Melanie Ezechiele sitzt vor ihrem Computer und starrt fassungslos auf den Bildschirm, auf dem sie gerade wie so oft ein Aufklärungsvideo angesehen hat. „Nach all den Videos habe ich den Glauben an die Menschheit verloren“, sagt sie. Seit ihrem 13. Lebensjahr lebt die junge Frau vegetarisch. Lange Zeit dachte sie, dass es reicht, auf Fleisch und Fisch zu verzichten, um Tierleid zu vermeiden. Jetzt weiß sie, dass das nicht genug ist, um Tieren zu helfen. „Milchkühe leiden noch mehr als Fleischkühe“, sagt Melanie bestürzt. Mit 18 Jahren verzichtet sie auch auf alle anderen tierischen Produkte und lebt seitdem konsequent vegan. Sie isst kein Fleisch, keinen Fisch, keine Eier, keine Milchprodukte und keinen Honig. Auch bei Kosmetik meidet sie diese Inhaltsstoffe. „Dann gehe ich eben in drei Geschäfte, bis ich alles habe. Bei der Naturalia in Meran und bei Lush in Bozen gibt es zum Beispiel viele vegane Produkte“, sagt sie.
Heute, vier Jahre später, sitzt Melanie im Meraner Kunsthaus bei einem Glas Mineralwasser und erzählt über ihre Erfahrungen als Veganerin. Mittlerweile ist sie 22 Jahre alt und arbeitet als Piercerin in Bozen. Sie fällt auf, ihre Körperkunst würden die meisten als extrem bezeichnen: Piercings, Tattoos, Plugs und Brandings. Hinter der hart aussehenden Fassade steckt ein weicher Kern und eine riesige Liebe zu Tieren. „Am Anfang war die Umstellung schwierig“, sagt Melanie. Die Lust auf Fleisch war noch da. Sie war es jahrelang gewohnt, es schmeckte ihr. Das Ekel-Bewusstsein sei erst mit der Zeit gekommen, so Melanie. Sie probierte neue Rezepte aus, wie veganes Gulasch aus Kartoffeln und Räuchertofu oder eines ihrer Lieblingsgerichte: Gemüse-Lasagne mit Nudeln aus Hartweizengries und Béchamel aus Sojamilch und Margarine. Sie findet für alle Gerichte mit Fleisch eine leckere Alternative. Dennoch sei es manchmal schwierig, sich vegan zu ernähren, sagt sie. Vor allem auswärts. „Man ist im Restaurant immer die einzige, die eine Extrawurst ist und wieder nichts findet“, sagt sie.

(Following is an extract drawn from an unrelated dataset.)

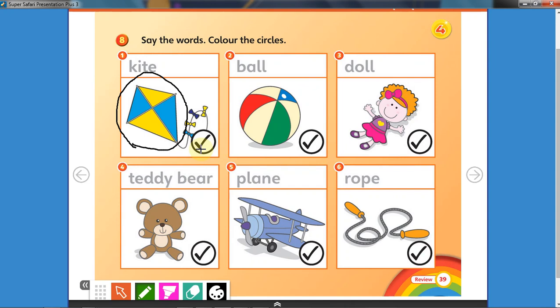Now what is picture number two? A ball, that's right! Take another crayon and color the picture. Okay, finished? Now let's have a look at number three. What is number three?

Mittlerweile entdecken auch einige Restaurants die vegane Küche für sich, wie der Punto Vegetariano in Bozen, wo Melanie gerne isst. Auch beim Chinesen wissen die Köche mittlerweile, wie sie ihr Essen gerne möchte, auch wenn sie am Anfang erklären musste, was Veganismus ist. „Ich esse aber lieber zu Hause. Im Restaurant werde ich mit Fleisch konfrontiert. Ich rieche und sehe es, das ist mir unangenehm“, sagt die Meranerin, die seit einem Jahr glücklich verliebt ist. Ihren Freund Stefan habe sie als Fleischesser kennengelernt, sagt sie und lacht: „Das klingt immer so brutal.“ Von Anfang an stellte sie klar, dass es nur eine Beziehung geben könne, wenn er kein Fleisch isst. Sie hatte bereits eine Beziehung hinter sich, die an den verschiedenen Ansichten gescheitert ist. Stefan war schnell von Melanies Lebensweise überzeugt und lebt seit Beginn der Beziehung auch vegan. „Ich glaube, er wird auch vegan bleiben, er macht es nicht nur für mich“, ist sich die Meranerin sicher.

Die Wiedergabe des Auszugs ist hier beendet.